Still in Cinemas- Evil Dead (2013): Review by William McClean

Evil Dead (2013) (**)

Directed by Fede Alvarez

Certificate: 18

Running time: 92 minutes

Starring – Jane Levy, Jessica Lucas, Shiloh Fernandez and Lou Taylor Pucci

(Movie House City Side 14/05/2013)

 

MOVIE producers should be careful what they put on their movie posters, with the tagline for this movie proclaiming it to be ‘the most terrifying film you will ever experience’, it’s surprising that no one has tried to sue those involved for false advertising such a proclamation, because this reimagining of Sam Raimi’s 1981 original just isn’t that scary. It relies heavily upon blood and gore for shock tactics, at the expense of any genuine scares.

Directed by Uruguayan filmmaker Fede Alvarez, who makes his feature debut with this project. Alvarez has made an array of talented short films, he was a somewhat surprising choice to direct this reboot, but at least the original director Sam Raimi remains on-board in a producing capacity. He’s joined by Rodger Tapert and Bruce Campbell all of whom financed the original feature, but viewers will be saddened that Campbell’s iconic chin is nowhere to be seen, with a new younger cast picking up the mantle.

When five friends travel to a remote cabin in the woods in an attempt to help their friend Mia (Jane Levy) beat her ongoing drug addiction and rekindle her broken relationship with her brother David (Shiloh Fernandez). But when the group discover a mysterious book bound in human flesh and wrapped in barbed wire, as they foolishly read the book’s incantations they unwittingly unleash an evil demonic presence that one by one attempts to possess there very souls.

As all hell is released upon the group, the film slowly becomes a continuous array of gory set-piece after another, some of which are truly shocking.
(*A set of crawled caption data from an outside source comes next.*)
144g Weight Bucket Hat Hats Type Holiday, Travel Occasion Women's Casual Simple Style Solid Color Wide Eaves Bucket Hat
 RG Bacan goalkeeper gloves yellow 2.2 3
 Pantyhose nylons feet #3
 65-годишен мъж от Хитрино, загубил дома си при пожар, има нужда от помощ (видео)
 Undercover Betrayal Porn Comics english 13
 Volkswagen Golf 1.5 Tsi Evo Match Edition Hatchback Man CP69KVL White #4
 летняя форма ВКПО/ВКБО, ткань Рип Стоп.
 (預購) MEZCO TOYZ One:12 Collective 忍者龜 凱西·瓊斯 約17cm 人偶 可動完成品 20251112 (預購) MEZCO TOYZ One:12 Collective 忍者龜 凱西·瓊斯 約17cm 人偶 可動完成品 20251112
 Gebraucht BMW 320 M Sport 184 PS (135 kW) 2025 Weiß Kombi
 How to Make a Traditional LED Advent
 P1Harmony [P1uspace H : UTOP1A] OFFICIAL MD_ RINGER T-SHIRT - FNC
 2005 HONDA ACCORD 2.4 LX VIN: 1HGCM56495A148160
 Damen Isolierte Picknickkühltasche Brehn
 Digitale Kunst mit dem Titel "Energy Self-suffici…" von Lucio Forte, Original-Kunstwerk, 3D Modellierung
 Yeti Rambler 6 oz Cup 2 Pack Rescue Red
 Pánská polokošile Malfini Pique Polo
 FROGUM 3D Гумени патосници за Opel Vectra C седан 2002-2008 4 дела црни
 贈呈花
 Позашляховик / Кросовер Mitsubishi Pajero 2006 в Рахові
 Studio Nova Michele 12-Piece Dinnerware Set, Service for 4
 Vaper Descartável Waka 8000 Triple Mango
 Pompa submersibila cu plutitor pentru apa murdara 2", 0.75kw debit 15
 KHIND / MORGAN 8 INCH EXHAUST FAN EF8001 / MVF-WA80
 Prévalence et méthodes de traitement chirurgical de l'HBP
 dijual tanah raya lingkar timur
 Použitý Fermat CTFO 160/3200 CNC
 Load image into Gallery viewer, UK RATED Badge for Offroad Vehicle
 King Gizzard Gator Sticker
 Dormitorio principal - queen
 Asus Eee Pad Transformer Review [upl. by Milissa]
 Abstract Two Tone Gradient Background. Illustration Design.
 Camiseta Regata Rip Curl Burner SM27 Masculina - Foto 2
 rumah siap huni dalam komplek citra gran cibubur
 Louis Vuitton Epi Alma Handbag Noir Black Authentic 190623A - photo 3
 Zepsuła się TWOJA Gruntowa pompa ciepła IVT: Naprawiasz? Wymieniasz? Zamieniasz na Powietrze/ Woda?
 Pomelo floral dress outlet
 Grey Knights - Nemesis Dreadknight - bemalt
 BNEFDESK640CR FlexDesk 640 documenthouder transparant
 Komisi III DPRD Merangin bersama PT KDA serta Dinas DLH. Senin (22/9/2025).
But it felt more like the director was purposely trying to disgust viewers rather than attempting to scare them. It’s commendable that the filmmakers have attempted to do everything with practical effects rather than using digital CGI trickery, but the film’s main problem is that everything is taken far too seriously and lacks the dark twisted sense of humour of the original.

The 1981 version of Evil Dead earned cult status when it was placed on the video nasties list in the 1980’s. Famously it was labelled as ‘the number one nasty’ by Mary Whitehouse, but despite its excessive violence and gore there was a wonderful undertone of dark twisted humour running throughout the feature. Raimi famously described the film as being like the Three Stooges with blood and guts stepping in for custard pies. Sadly that sense of humour has been stripped away from this remake and the final result feels like an Evil Dead for the torture porn generation.

The film’s ending is silly and needlessly over the top, with its climax playing out as a metaphor for Maya’s attempt to beat her drug addiction. But it’s all too stuffy in comparison to the wonderfully uncontrolled lunacy of the original.

Fans of the original will more than likely turn their nose up at this attempted remake, after-all Raimi himself already remade the feature in all but name in 1987 with the Evil Dead II and that attempt was a much more enjoyable watch than this. For those who have never watched the 1981 version, I’d recommend sitting down to watch it instead, to see what an inventive little horror gem it was in comparison to this. When the film’s best moment is a great post-credits cameo it says it all really.